__WORK INSTRUCTIONS__.
Down to the final line, write out the material beneath exactly, without pictures.

__DATA SECTION__.
========
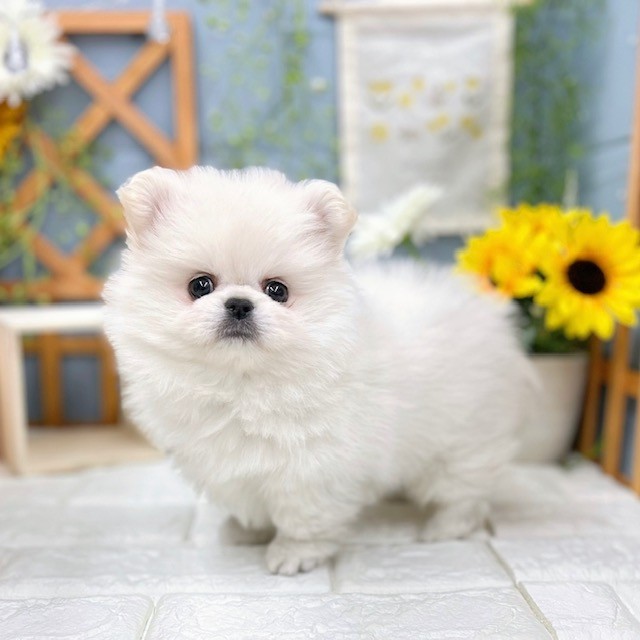 千葉県のペキポメ/ポメペキ(ペキニーズ×ポメラニアン) (犬の家＆猫の里ワンズモール稲毛店/2025年9月14日生まれ/男の子/ホワイト)の子犬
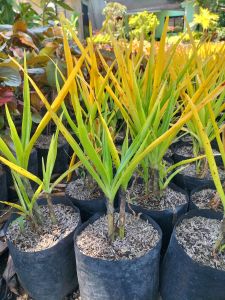 Golden Lily Crinum Asiaticum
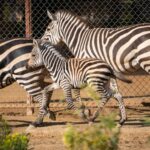 ¡Bienvenido a casa! Nace cebra de Grant en el Zoológico de Morelia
========
__ANSWER__.
 千葉県のペキポメ/ポメペキ(ペキニーズ×ポメラニアン) (犬の家＆猫の里ワンズモール稲毛店/2025年9月14日生まれ/男の子/ホワイト)の子犬
 Golden Lily Crinum Asiaticum
 ¡Bienvenido a casa! Nace cebra de Grant en el Zoológico de Morelia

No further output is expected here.